● ACTIVITY
All of the data, word for word and free of pictures, is the expected result.

● SOURCE MATERIAL
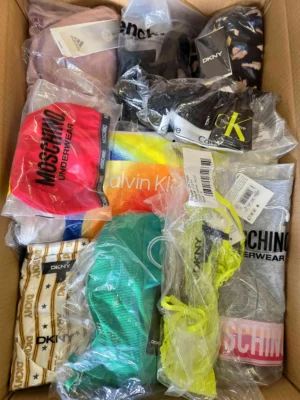 The photo shows a package with clothing in the category AU.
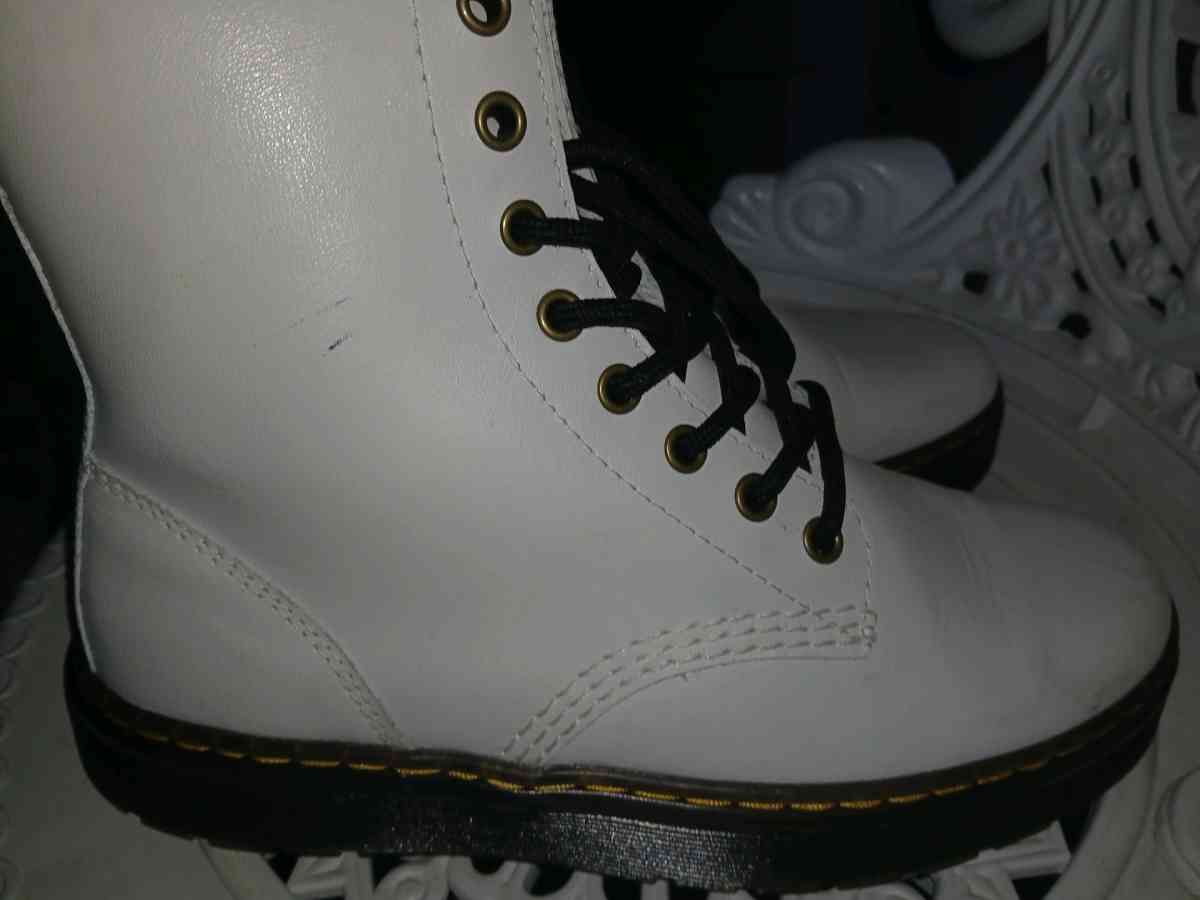 docmartin size 8 womans - Valley Center, California - FleaMarketBay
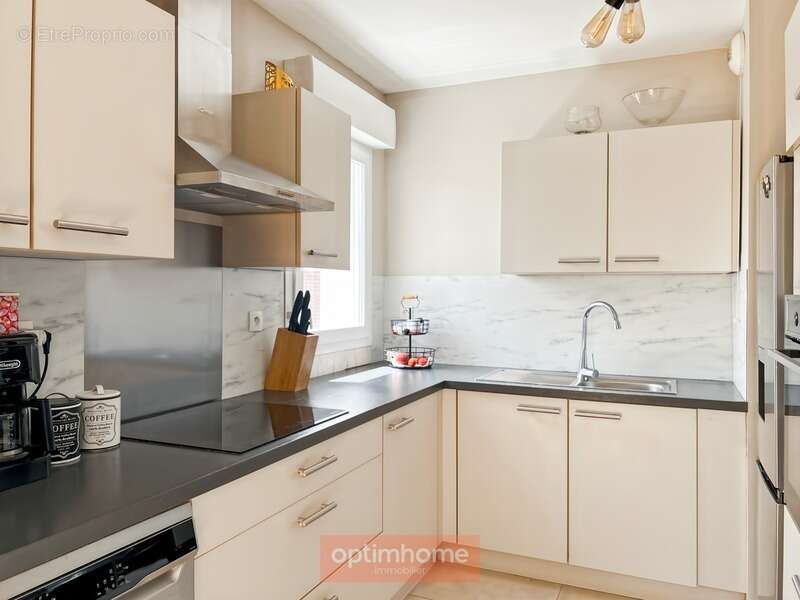 Appartement à VEZIN-LE-COQUET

● EXPECTED ANSWER
 The photo shows a package with clothing in the category AU.
 docmartin size 8 womans - Valley Center, California - FleaMarketBay
 Appartement à VEZIN-LE-COQUET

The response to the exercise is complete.